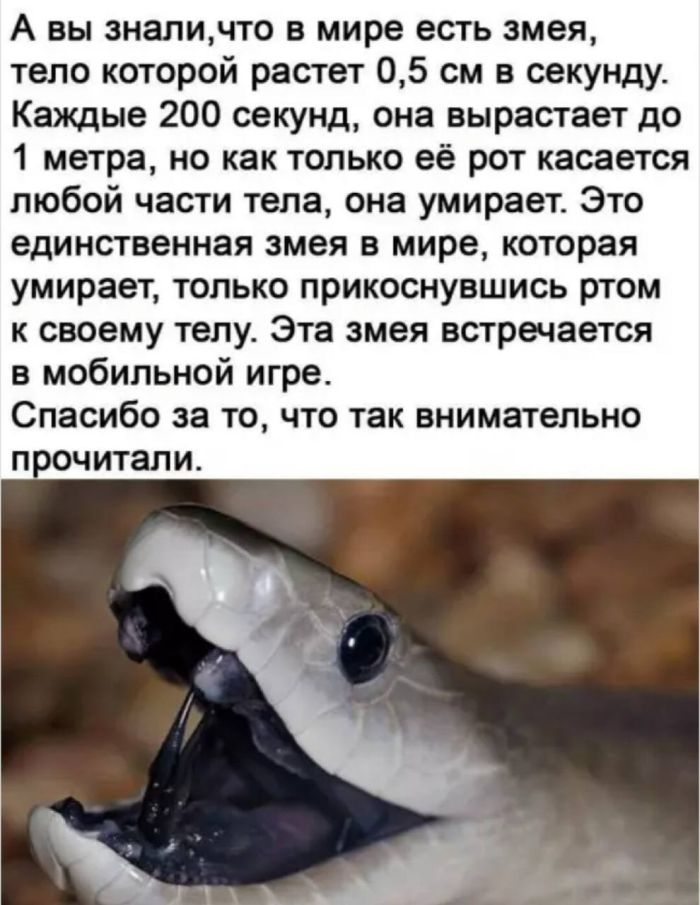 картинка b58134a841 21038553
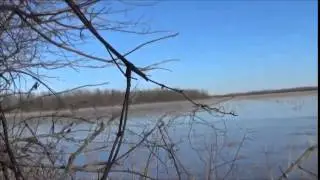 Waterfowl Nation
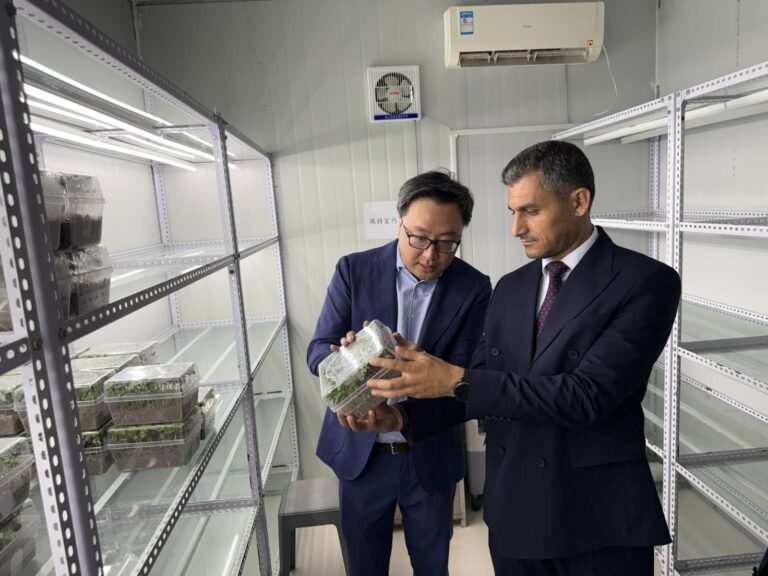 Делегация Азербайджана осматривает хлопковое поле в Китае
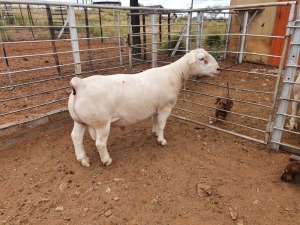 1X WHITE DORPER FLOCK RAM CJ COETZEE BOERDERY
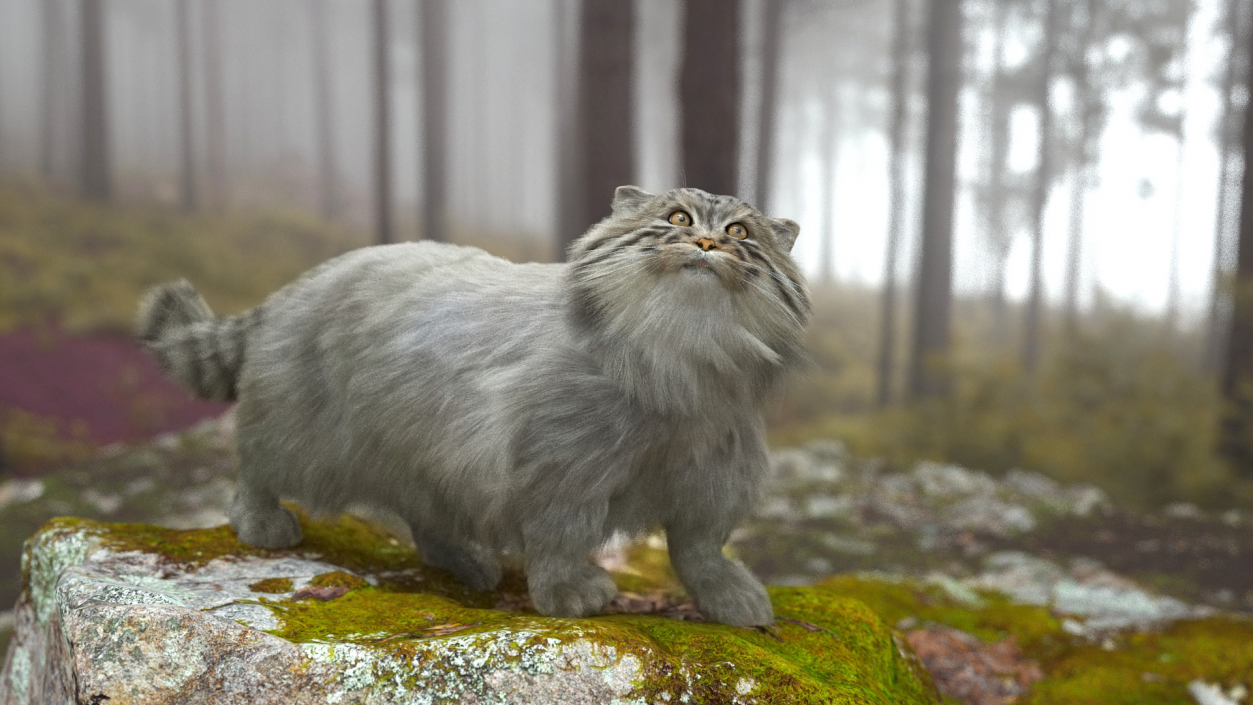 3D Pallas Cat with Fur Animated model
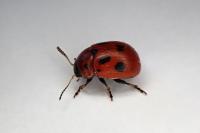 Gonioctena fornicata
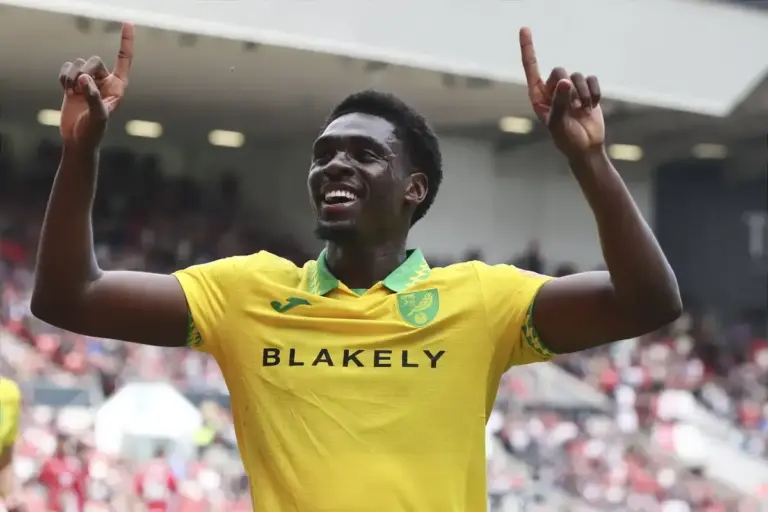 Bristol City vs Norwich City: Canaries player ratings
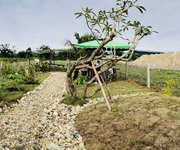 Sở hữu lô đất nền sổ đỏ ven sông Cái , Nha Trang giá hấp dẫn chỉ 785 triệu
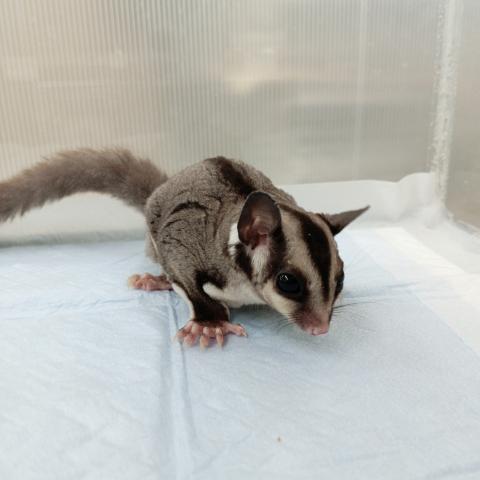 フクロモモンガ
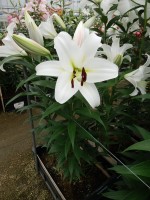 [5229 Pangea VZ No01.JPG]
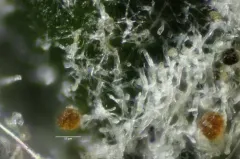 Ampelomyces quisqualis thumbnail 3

□ □ □ □ □ □ □

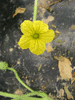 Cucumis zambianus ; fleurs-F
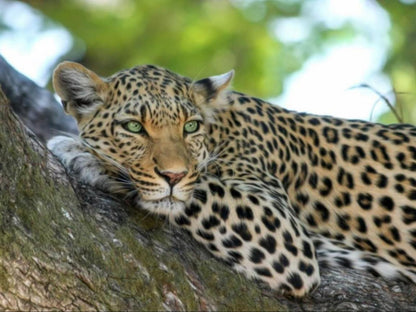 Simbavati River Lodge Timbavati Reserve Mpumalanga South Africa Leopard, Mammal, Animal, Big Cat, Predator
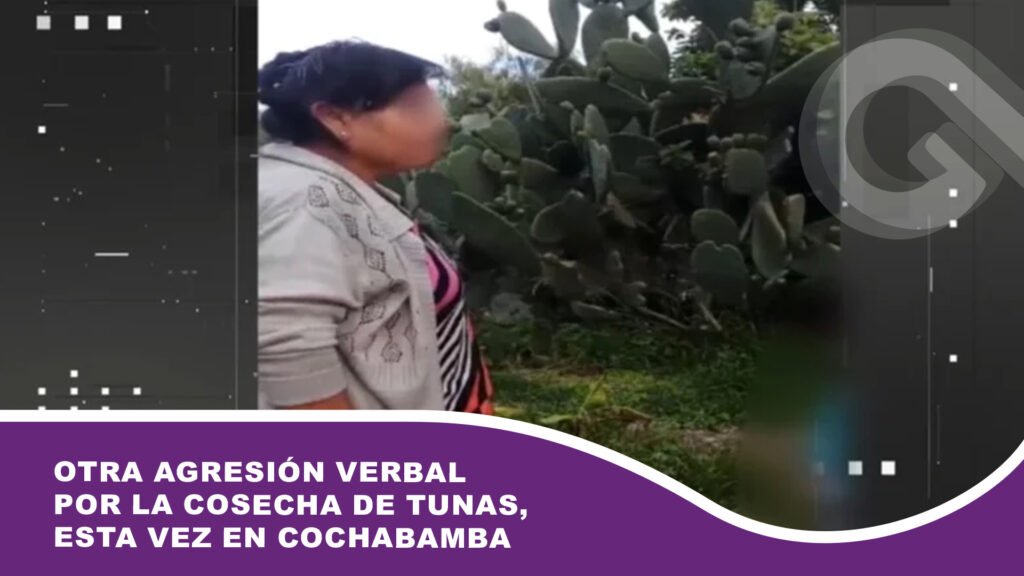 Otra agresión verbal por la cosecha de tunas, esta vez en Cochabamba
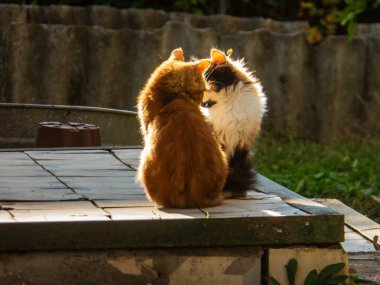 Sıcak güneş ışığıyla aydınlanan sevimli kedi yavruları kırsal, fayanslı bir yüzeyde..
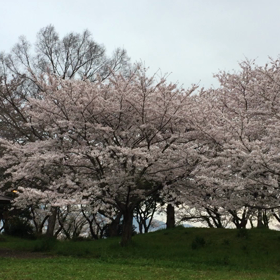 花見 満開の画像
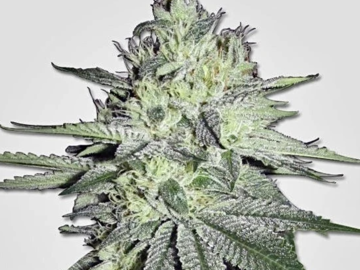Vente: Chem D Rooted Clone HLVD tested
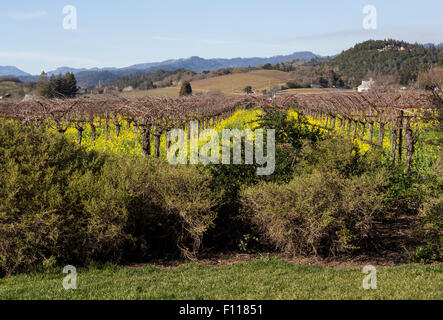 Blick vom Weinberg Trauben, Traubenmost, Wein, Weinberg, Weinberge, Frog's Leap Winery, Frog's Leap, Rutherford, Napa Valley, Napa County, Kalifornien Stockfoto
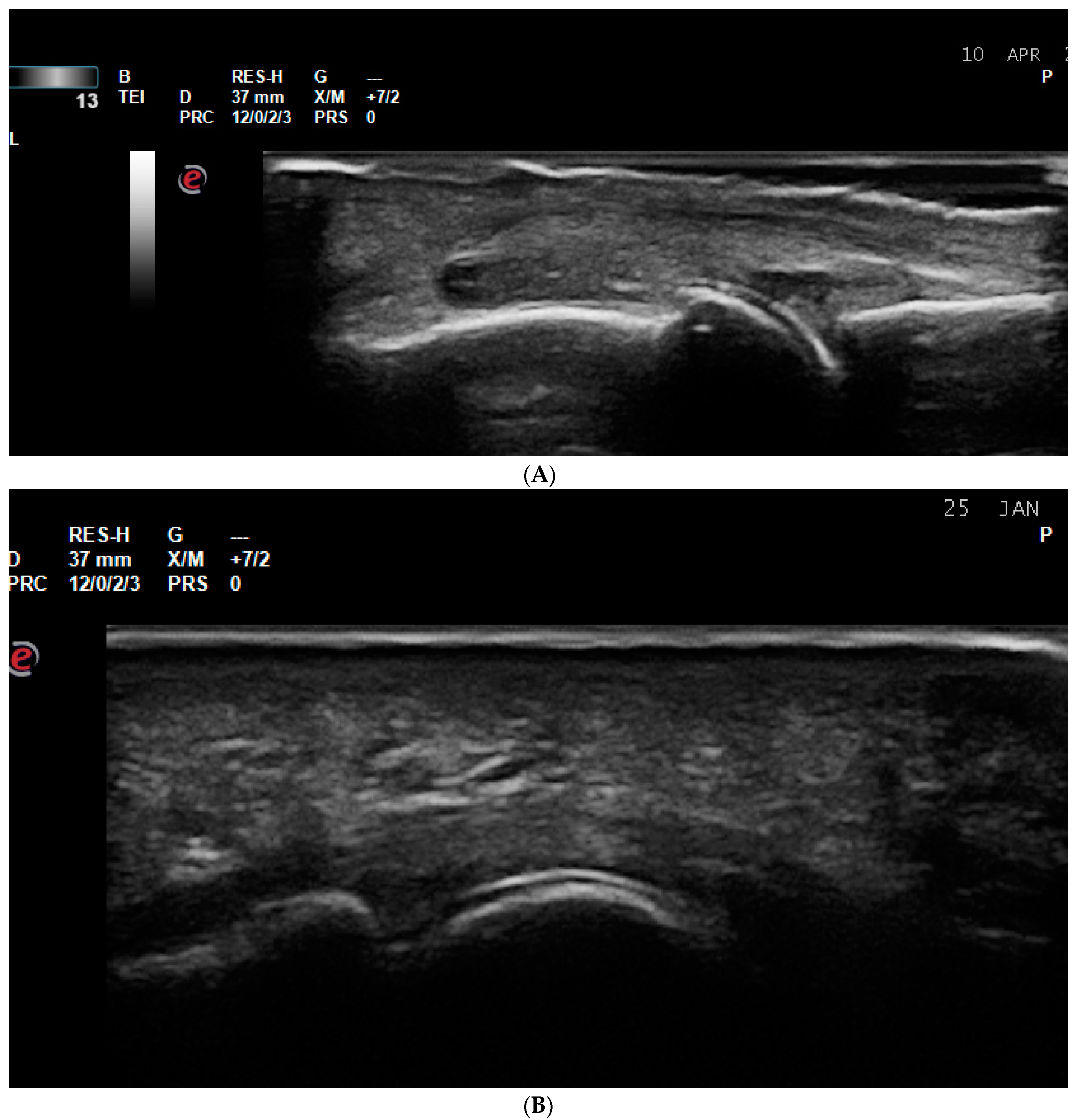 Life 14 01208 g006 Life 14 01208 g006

□ □ □ □ □ □ □

| Required work |
Give again the lines of the listing above that run from the one with "[5229 Pangea VZ No01.JPG]" up to and including the one with "Ampelomyces quisqualis thumbnail 3". Keep them exact and omit the pictures.

| Final answer |
 [5229 Pangea VZ No01.JPG]
 Ampelomyces quisqualis thumbnail 3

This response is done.